(Pictures with short captions)
==================================================

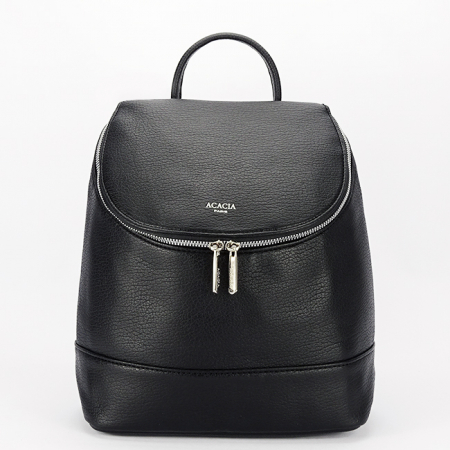 Noutati - Rucsac negru Acacia G-24204 119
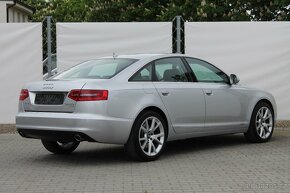 Audi A6 3.0TDI 176kW QUATTRO + FACELIFT + PLNÁ HISTORIE + - 3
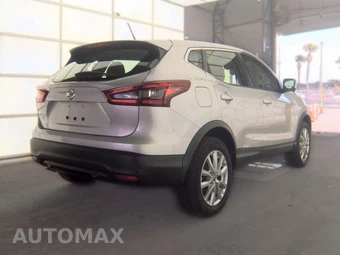 2021 Nissan Rogue Sport S - miniatura 4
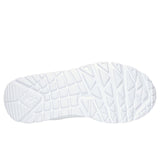 Skechers Uno Lite My Drip Girls White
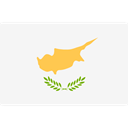 world, flag, Cyprus, flags, Country, Nation WhiteSmoke icon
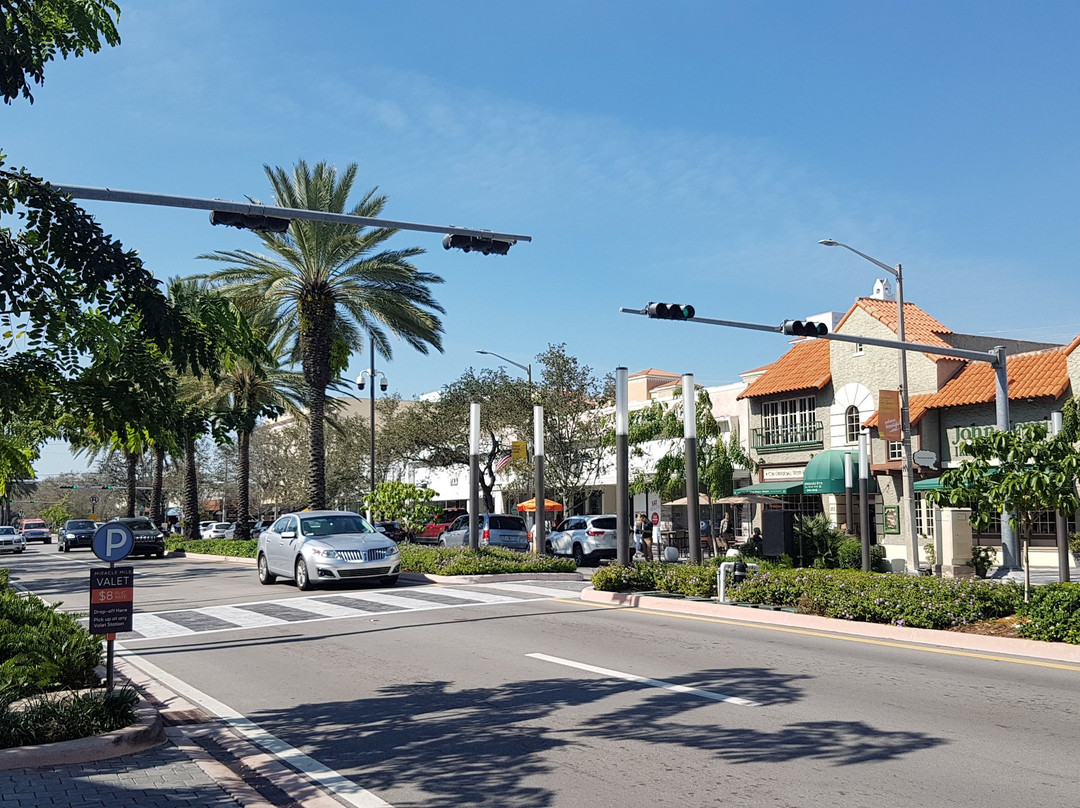 Miracle Mile-科勒尔盖布尔斯必去景点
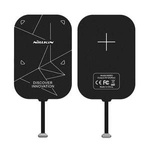 Adapter USB-C do ładowania indukcyjnego Nillkin Magic Tags (czarny)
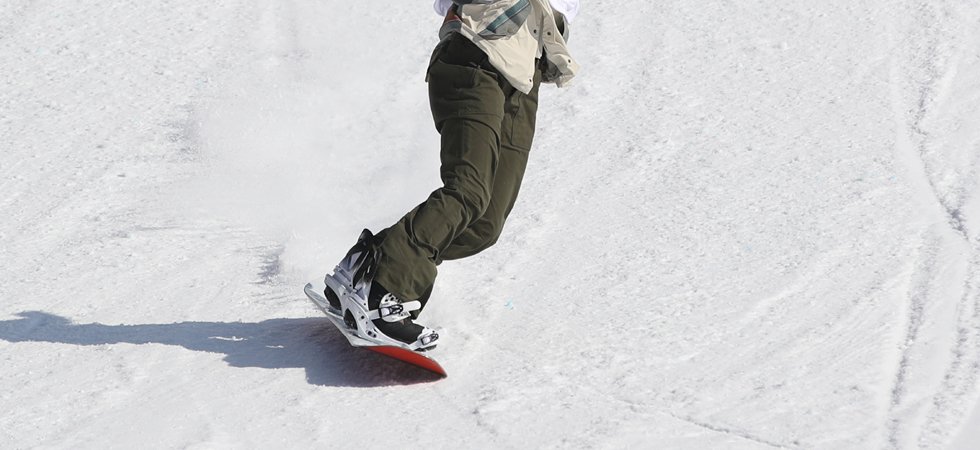 Snowboard : mort brutale d'une jeune championne britannique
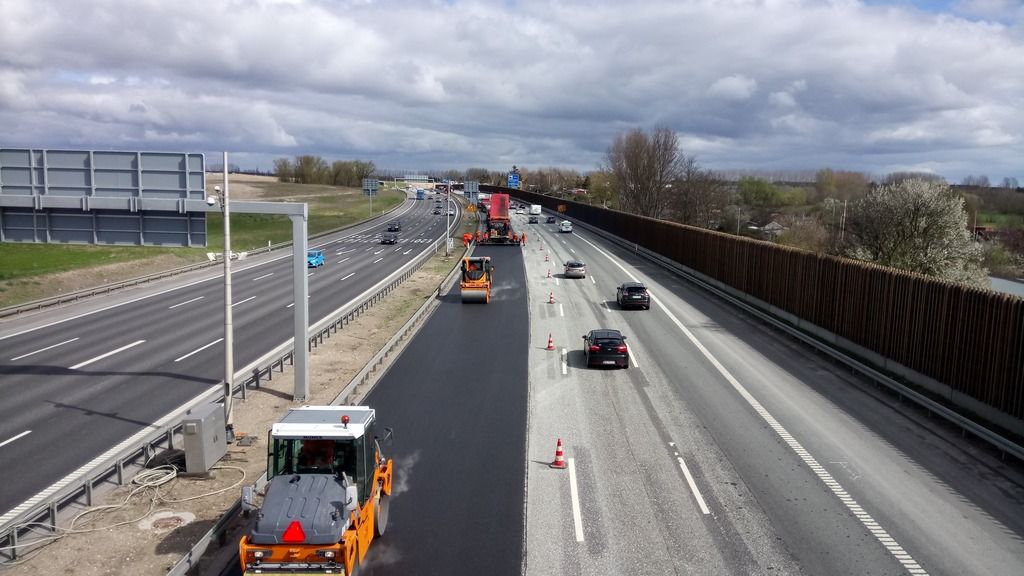 [DK] Denmark road infrastructure • motorveje i Danmark Page 103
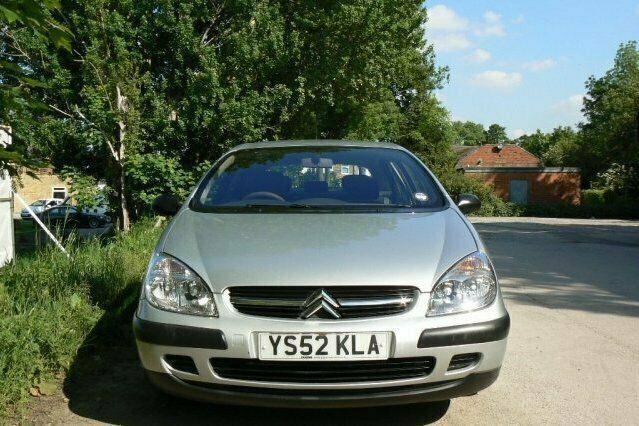 Used Citroën C5 110 HP (80 kW) 2002 Hatchback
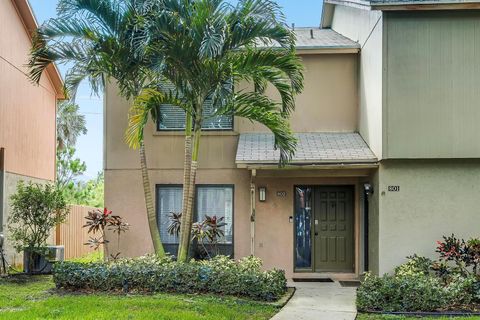 A home in Palm Beach Gardens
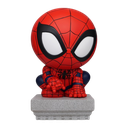 Spiderman - Spiderman Crouching Money Bank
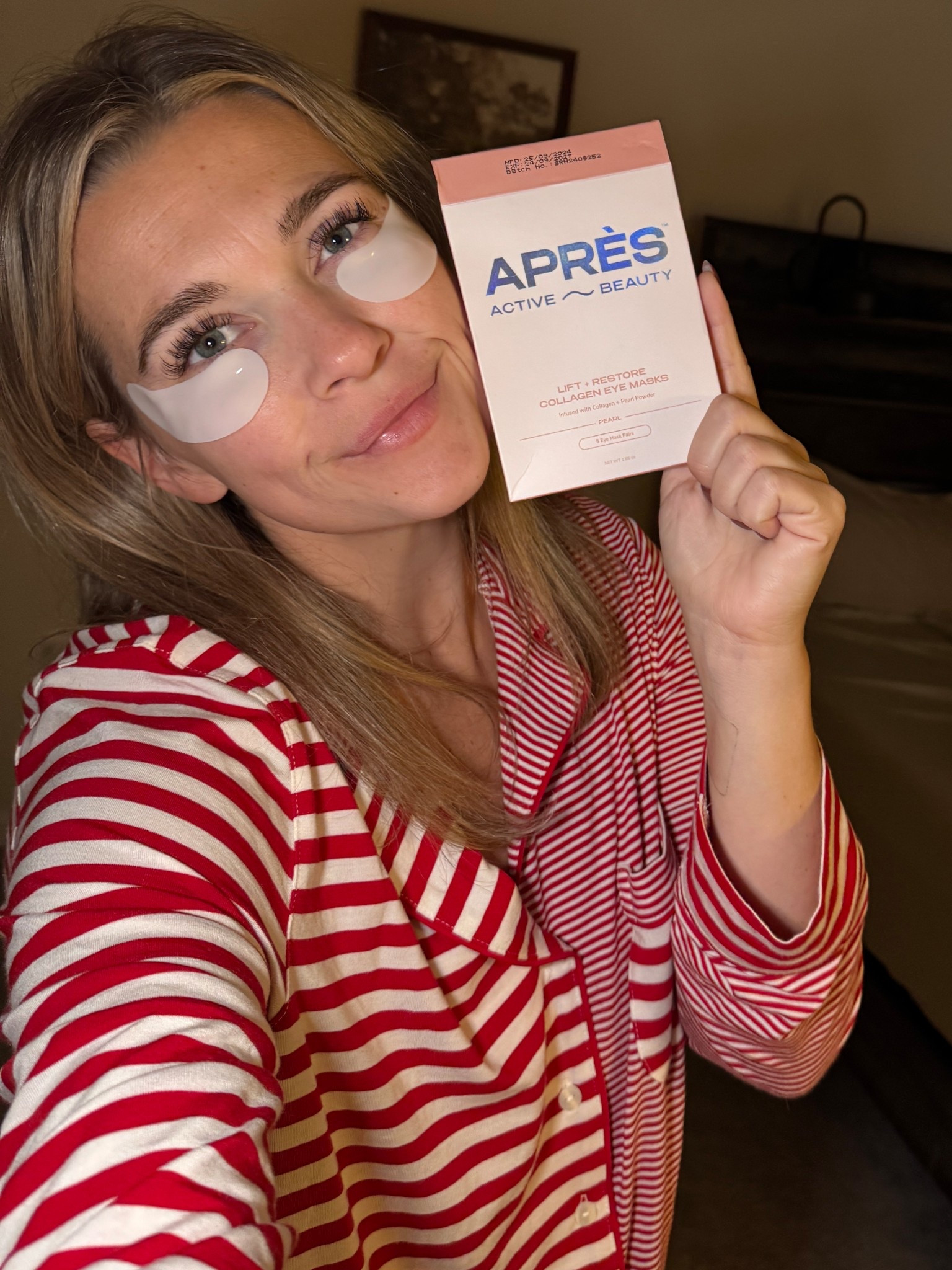 Gym girlies you need this! Eye patches for  before the gym & face wipes for after! 
Use code: EMILYMONTGOMERY for 15% off using this link https://apresbeauty.co/?ref=xphklqkv&fbclid=PAQU9FWANu6UVleHRuA2FlbQIxMAABp2dtttNoI0Wtr3ekqa1hLmwy1UEgau8nmTJ5Bc2QqtbeDhN8Z5HhETe9_1AB_aem_Ow_n95u6j9cw7GXAyENnfw

#LTKActive #LTKU #LTKBeauty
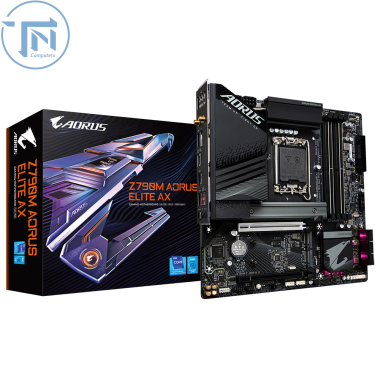 Mainboard GIGABYTE Z790M Aorus Elite AX (rev. 1.0)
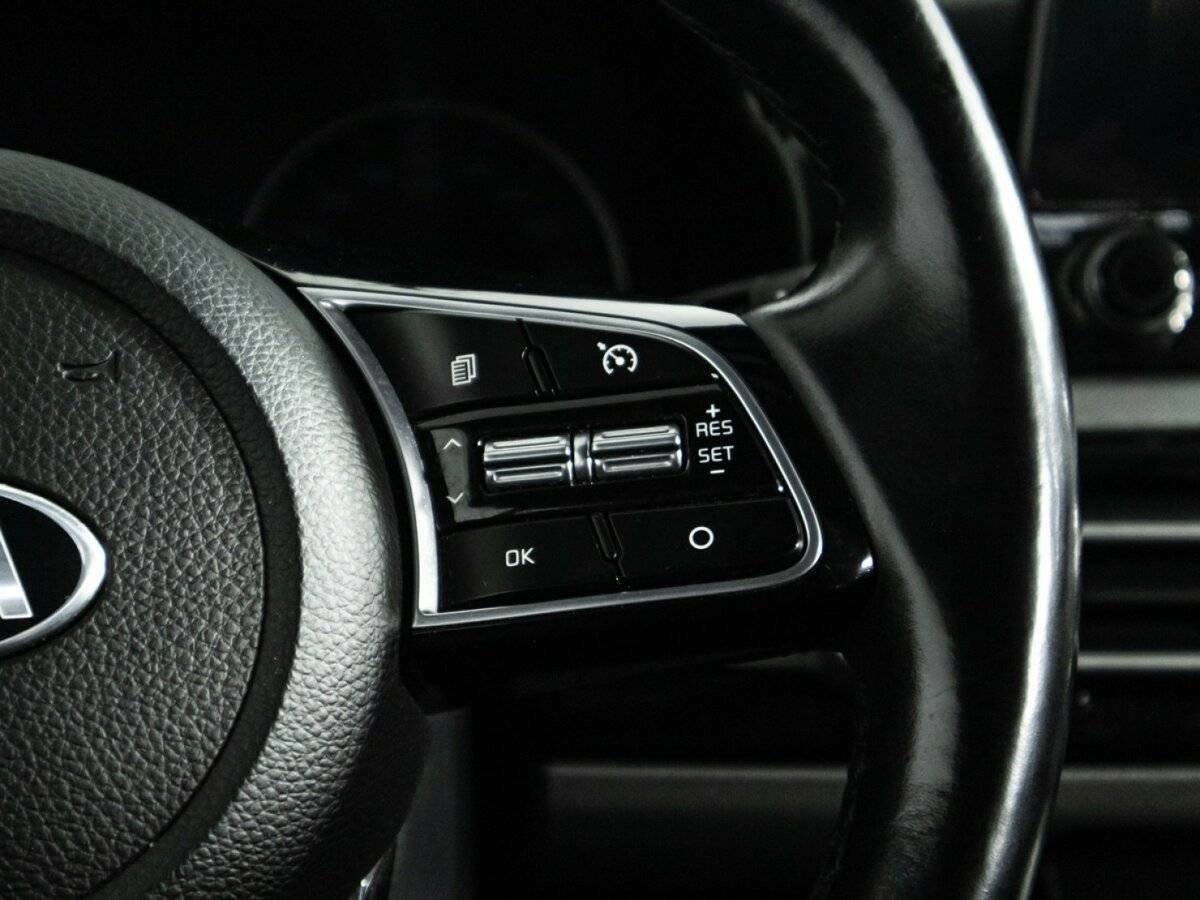 Купить Kia Seltos, 2021, 102 000 км.. Фото: #24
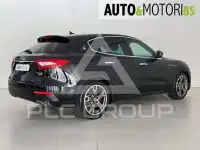2017 Maserati LEVANTE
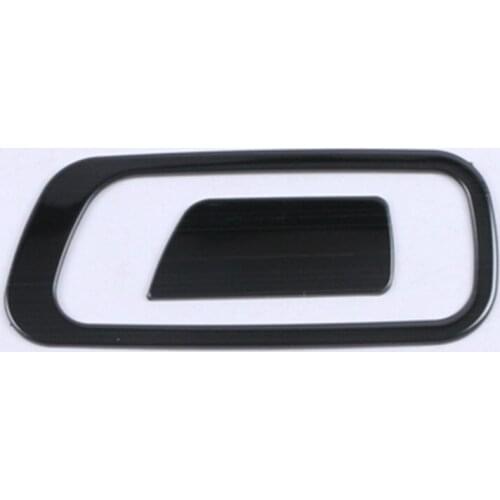 For Changan CS55 PLUS 2020 High-quality stainless steel Stainless steel glove box sequins car accessories Car styling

==================================================

— EXERCISE BRIEF —
The line holding "world, flag, Cyprus, flags, Country, Nation" starts the copy and the line holding "2017 Maserati LEVANTE" ends it. Repeat those two lines above and all between them exactly, leaving out pictures.

— RESPONSE FOR THIS EXERCISE —
 world, flag, Cyprus, flags, Country, Nation WhiteSmoke icon
 Miracle Mile-科勒尔盖布尔斯必去景点
 Adapter USB-C do ładowania indukcyjnego Nillkin Magic Tags (czarny)
 Snowboard : mort brutale d'une jeune championne britannique
 [DK] Denmark road infrastructure • motorveje i Danmark Page 103
 Used Citroën C5 110 HP (80 kW) 2002 Hatchback
 A home in Palm Beach Gardens
 Spiderman - Spiderman Crouching Money Bank
 Gym girlies you need this! Eye patches for  before the gym & face wipes for after! 
Use code: EMILYMONTGOMERY for 15% off using this link https://apresbeauty.co/?ref=xphklqkv&fbclid=PAQU9FWANu6UVleHRuA2FlbQIxMAABp2dtttNoI0Wtr3ekqa1hLmwy1UEgau8nmTJ5Bc2QqtbeDhN8Z5HhETe9_1AB_aem_Ow_n95u6j9cw7GXAyENnfw

#LTKActive #LTKU #LTKBeauty
 Mainboard GIGABYTE Z790M Aorus Elite AX (rev. 1.0)
 Купить Kia Seltos, 2021, 102 000 км.. Фото: #24
2017 Maserati LEVANTE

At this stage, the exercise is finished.